I tecnici, che hanno in corso ulteriori monitoraggi e rilievi sulla stessa, confermano che non ci sono al momento rischi per i fabbricati presenti nell’area circostante. A giorni è prevista – già concordata con la Regione – una riunione congiunta con tutti gli Enti sovraordinati interessati: Difesa suolo della Regione Campania, Protezione civile regionale, Ente idrico campano, Gori e Comune.

L’obiettivo è definire l’entità dei danni e, nel breve periodo, individuare una soluzione per la voragine presente al fine di ripristinare lo stato dei luoghi e mettere in sicurezza la zona interessata. Al tempo stesso si chiarisce che è già in corso uno studio preventivo per giungere ad una soluzione complessiva che, partendo dal monitoraggio in corso lungo i rivi San Filippo e San Giuseppe, sia risolutiva per la sicurezza dell’intera zona che va dal Vallone Croce fino al Golfo Pecoriello e comprende anche Via Balsamo e Viale dei Pini.

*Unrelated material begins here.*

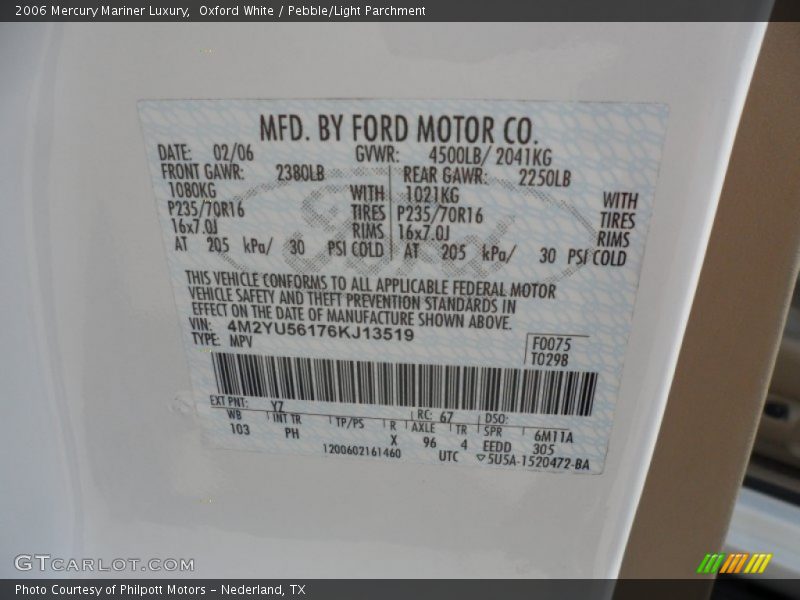 2006 Mariner Luxury Oxford White Color Code YZ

L’obiettivo è quello di elaborare una soluzione progettuale idonea a risolvere le criticità di questa ampia zona del territorio in modo da consentire la candidatura delle soluzioni progettuali anche all’accesso ai finanziamenti previsti dal Piano Nazionale di Rinascita e Resilienza.

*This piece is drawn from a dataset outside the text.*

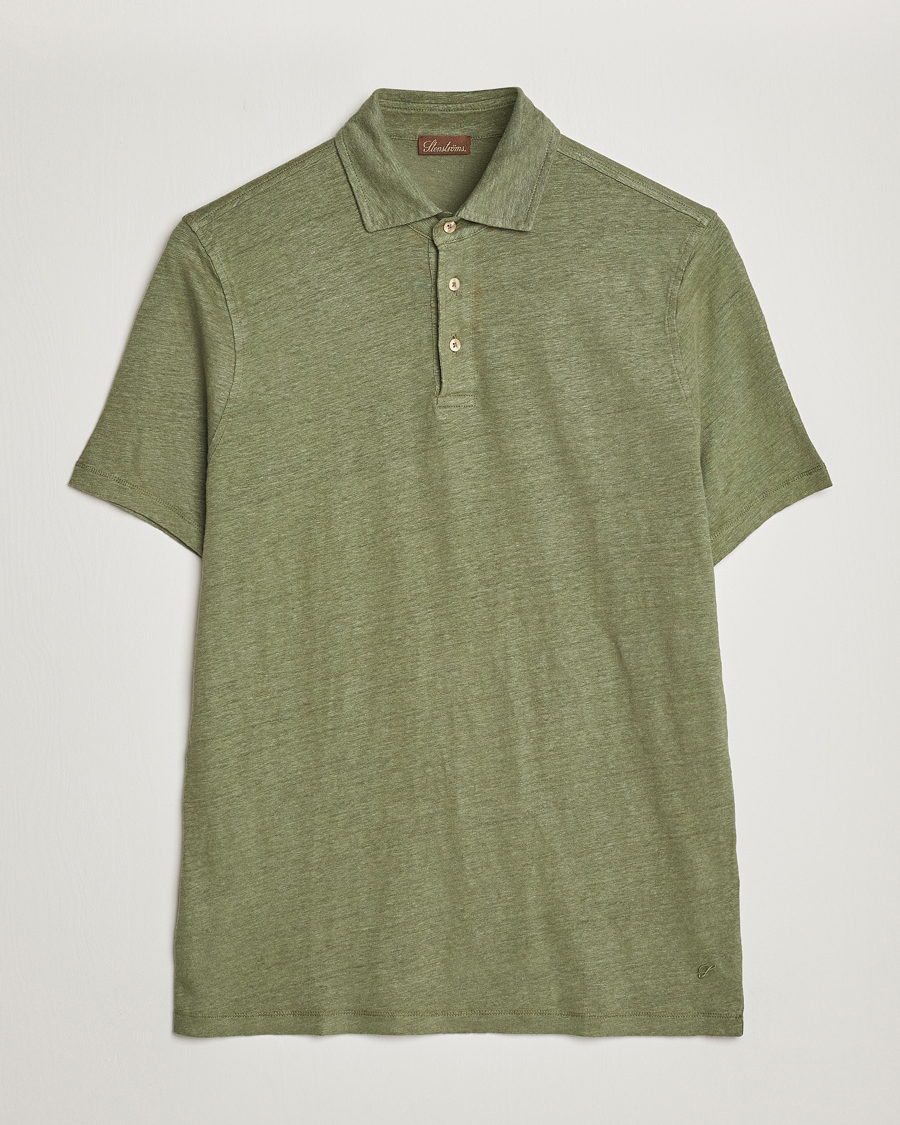 Homme | Polos | Stenströms | Linen Polo Shirt Olive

Tengo, inoltre, a ribadire che l’Amministrazione è da anni impegnata nel monitoraggio delle fragilità idrogeologiche del territorio cittadino. Infatti, 20 giorni fa sono state completate le rilevazioni di tutte le cavità accessibili e dagli alvei coperti San Flippo e San Giuseppe lungo tutto il percorso dalla foce fino alla zona a monte del Corso Italia.

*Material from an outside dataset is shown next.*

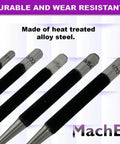 Set Of 5 Round Head Center Punches For Metal And Woodworking Projects, durable heat-treated alloy steel construction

Colgo l’occasione per precisare che gli interventi su Via Balsamo, operate dalla Gori, non sono correlati all’evento franoso, ma rientrano in una precedente azione di monitoraggio e prevenzione- richiesti dall’Amministrazione comunale – per rendere le condotte idriche e fognarie tali da non produrre dissesti nella zona”, conclude Sagristani.